И всё же к весне надежда на облегчение существования у нас появилась. Дело в том, что Повесь-чайник неожиданно исчез с Двести Тринадцатого километра. И не как-нибудь, а был арестован и увезен под конвоем в Усть-Тембинск, центр нашего горнорудного управления. Арест начальника явился в лагере настолько знаменательным событием, что интерес к нему проявили даже дистрофики 3-й степени, впавшие, казалось, в полнейшее безразличие ко всему на свете.
Повесь-чайник пил. Я знал об этом еще с Галаганнаха. Но пьянствовал он исключительно дома, разделяя выпивку разве только с собственной женой. От него часто несло винным перегаром, однако понять, когда начальник пьян, когда он с похмелья, а когда совсем трезв, было непросто. Выражение обрюзгшего лица у него постоянно было почти таким, как у других после хронической пьянки, а речь всегда отрывистой и маловразумительной. Да в иные дни Повесь-чайник ни разу ни к кому не подходил и ни с кем не заговаривал, а как бирюк бродил где-то в стороне. Здесь, впрочем, он пил сильнее, чем на Галаганнахе. В те дни, когда в поселке давали спирт, из домика начальника почти всегда слышались приглушенные вопли его жены, которую, напившись, он истязал. Это было несчастное, видимо, до крайности запуганное и забитое существо. На улице жена начлага появлялась редко и ни с кем почти никогда не разговаривала. Говорили, что муж разрешает ей отлучку из дому только по неотложным хозяйственным делам, только в раннее дневное время и только на строго определенный срок. В окна начальнического домика были вделаны решетки, а на дверях домика почти всегда висел большой амбарный замок, хотя было точно известно, что начальничиха дома.

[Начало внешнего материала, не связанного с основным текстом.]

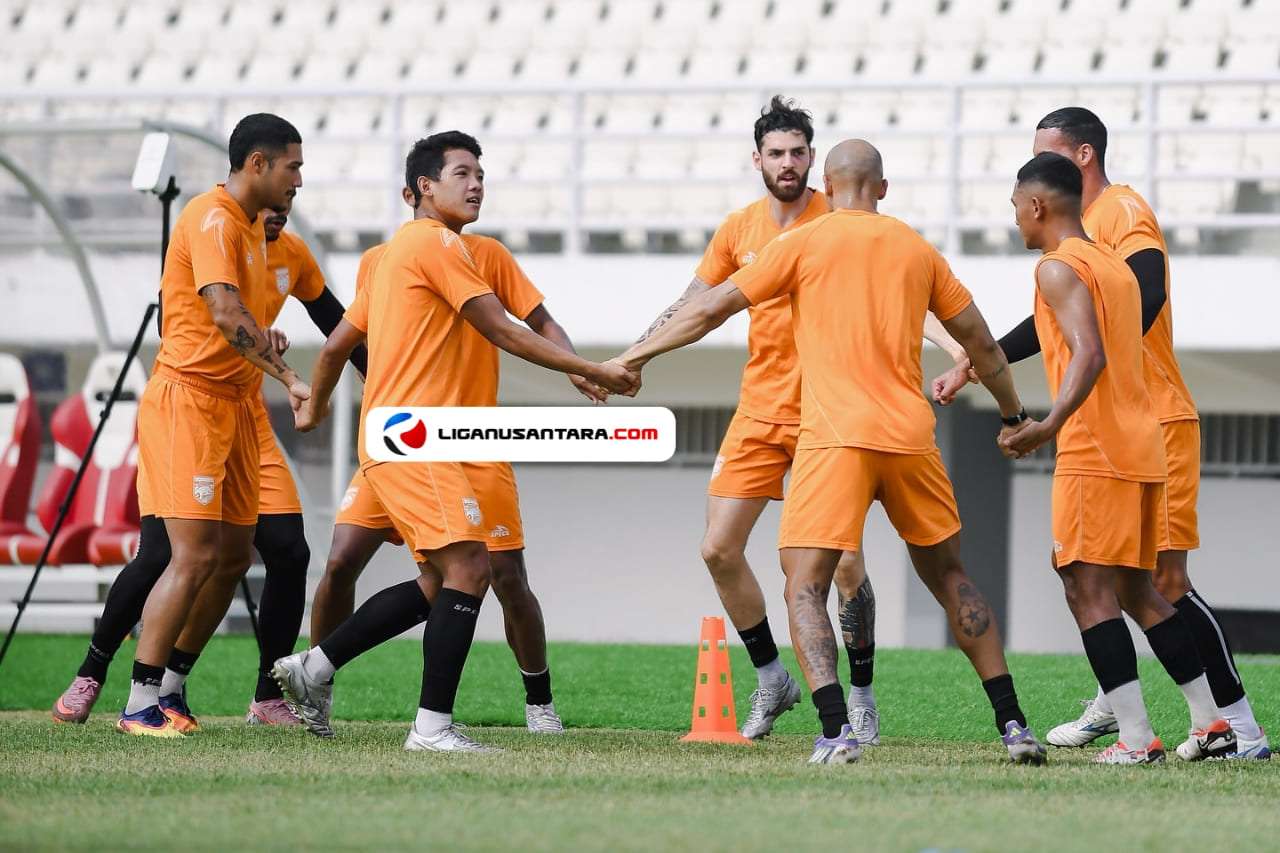 Prediksi Skor Borneo FC vs Persik Kediri
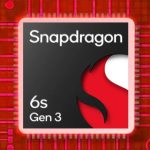 qualcomm snapdragon 6s gen 3 ufficiale chip 5g mid range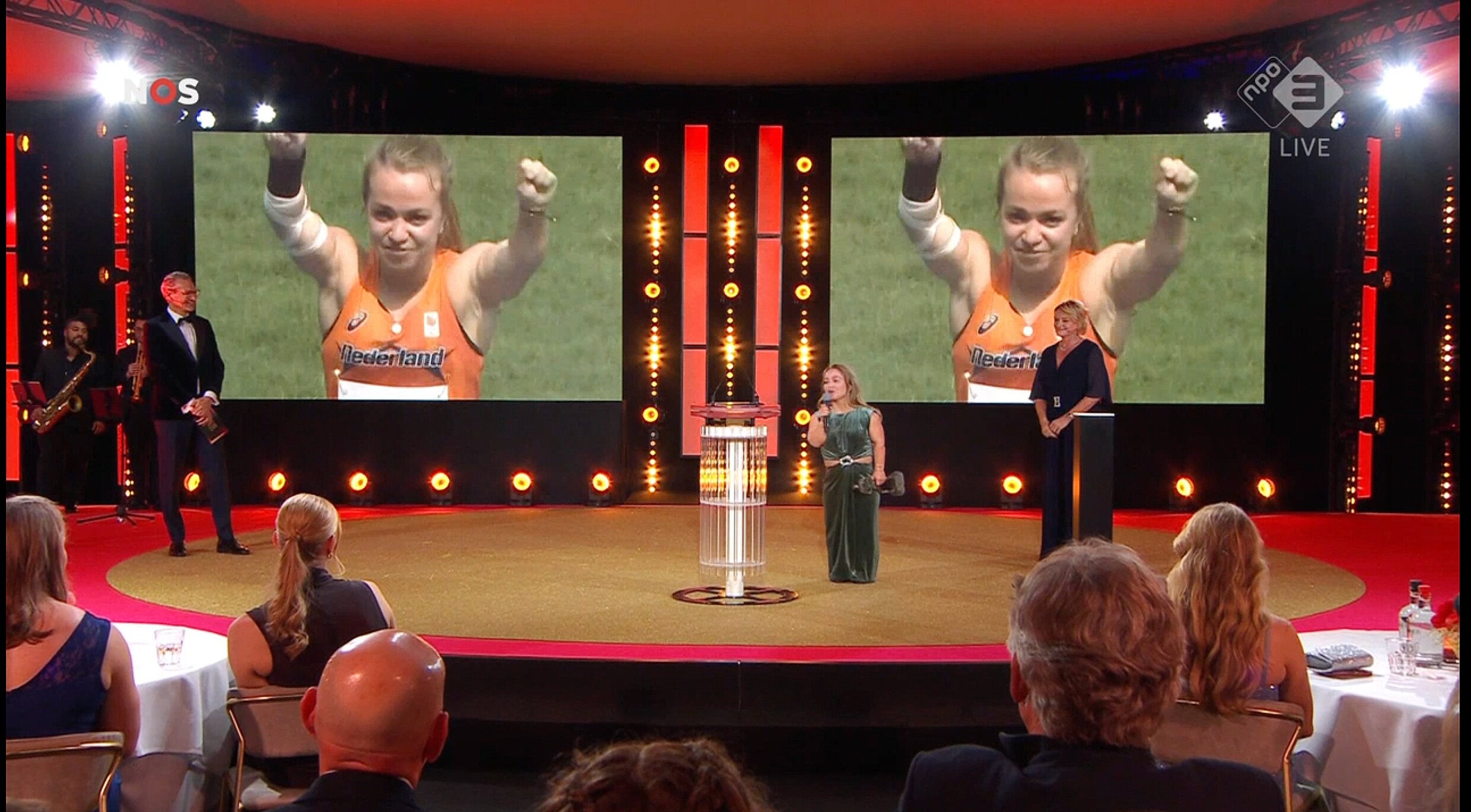 Sportgala 2025: een mooie avond voor vrouwelijke kogelstoters en ...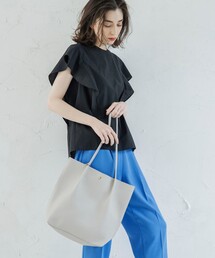 OPAQUE.CLIP | 軽量シュリンクA4トートバッグ(トートバッグ)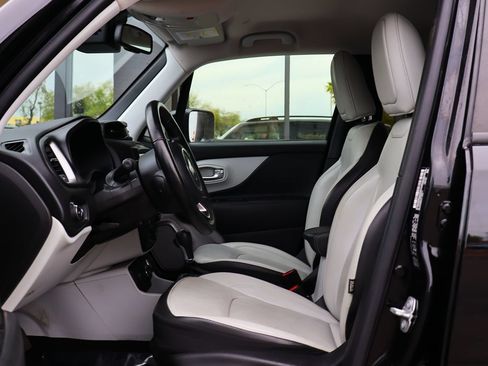 Used 2022 Jeep Renegade Limited AWD/4WD image 37
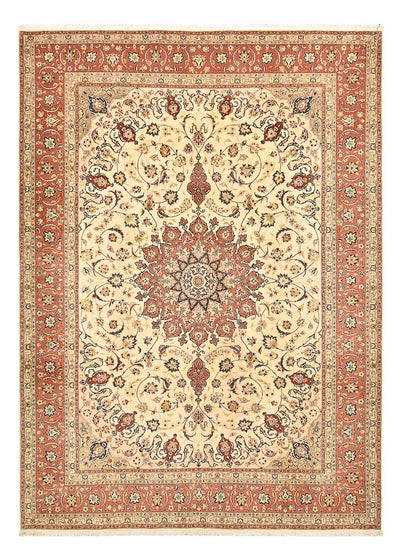 Tabriz - 50 Raj Alfombra 250x358cm - Alfombra persa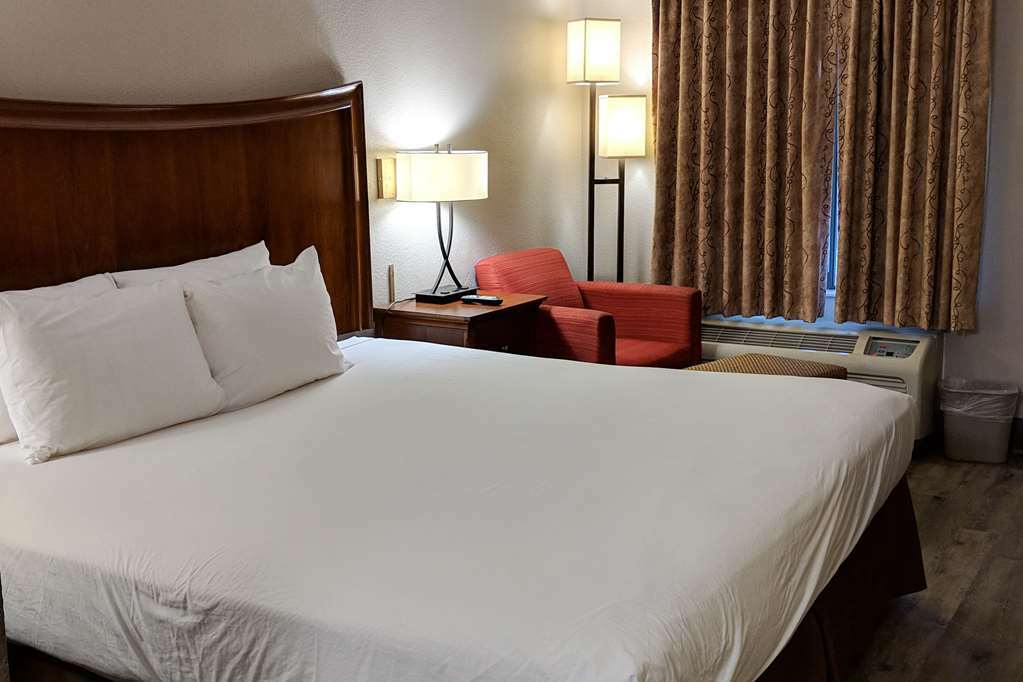 Econo Lodge Гейнсвілл Номер фото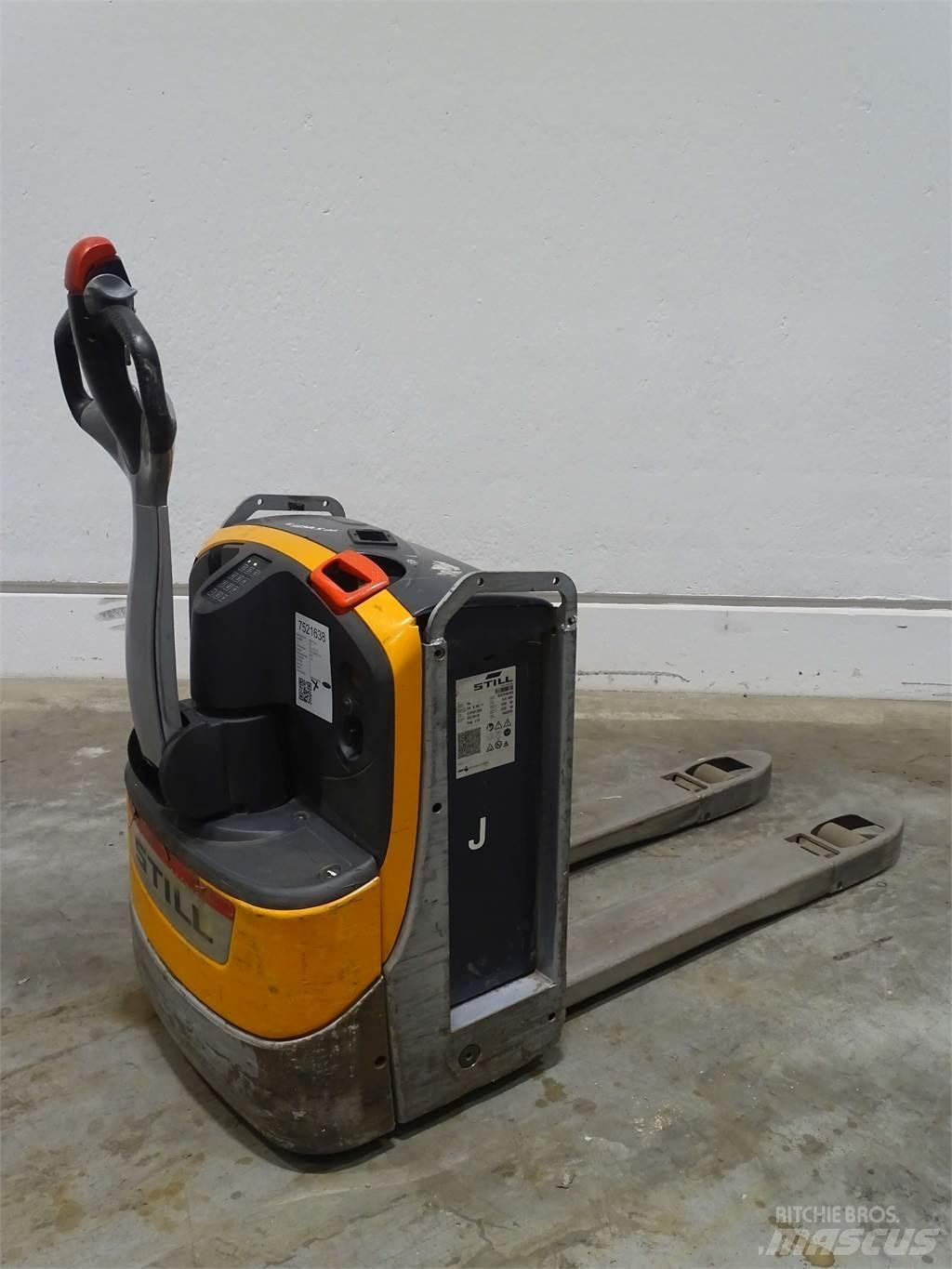 Still EXU20 Electro-pallettrucks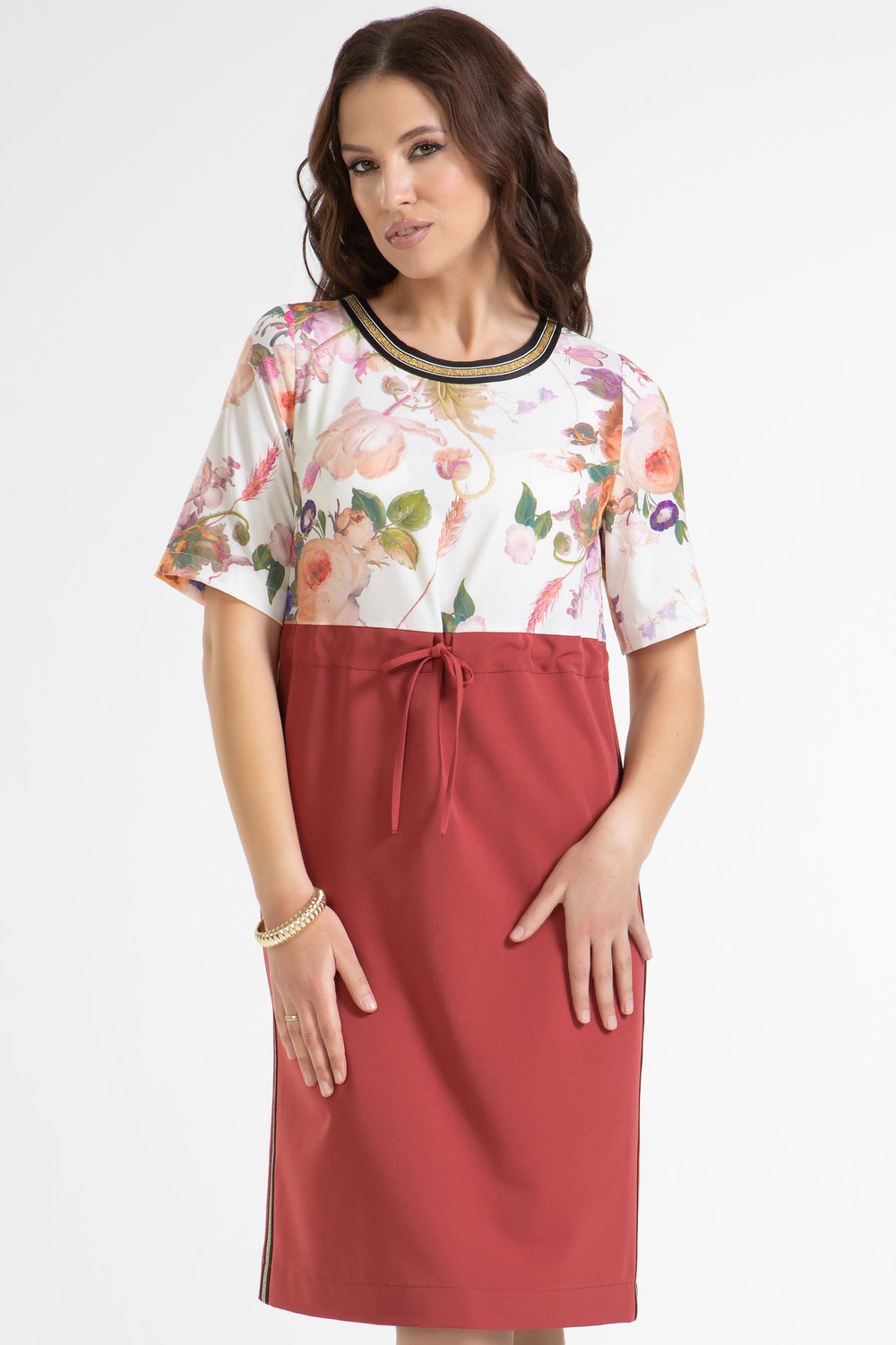 5276 Платье Прима Линия арт.5276 оптом_фото2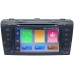 Штатная магнитола Mazda 3 (BK) 2003-2009 Canbox 2727 на Android 9.0 MTK-L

Вряд ли это было просто мерой по охране супружеской верности, пусть даже понимаемой на уровне пещерного человека. Скорее тут действовал врожденный инстинкт тюремщика, усиленный найденной по призванию профессией. Если верно, что всякая эпоха получает нужных ей людей, то в эпоху Сталина-Ежова-Берии должны были непременно выкристаллизовываться и типы тюремщиков в их чистом духе. Странная чета жила замкнутой, угрюмой жизнью, ни с кем не общаясь. Так было даже в сравнительно нескучном и многолюдном Галаганнахе, тем более так было и здесь.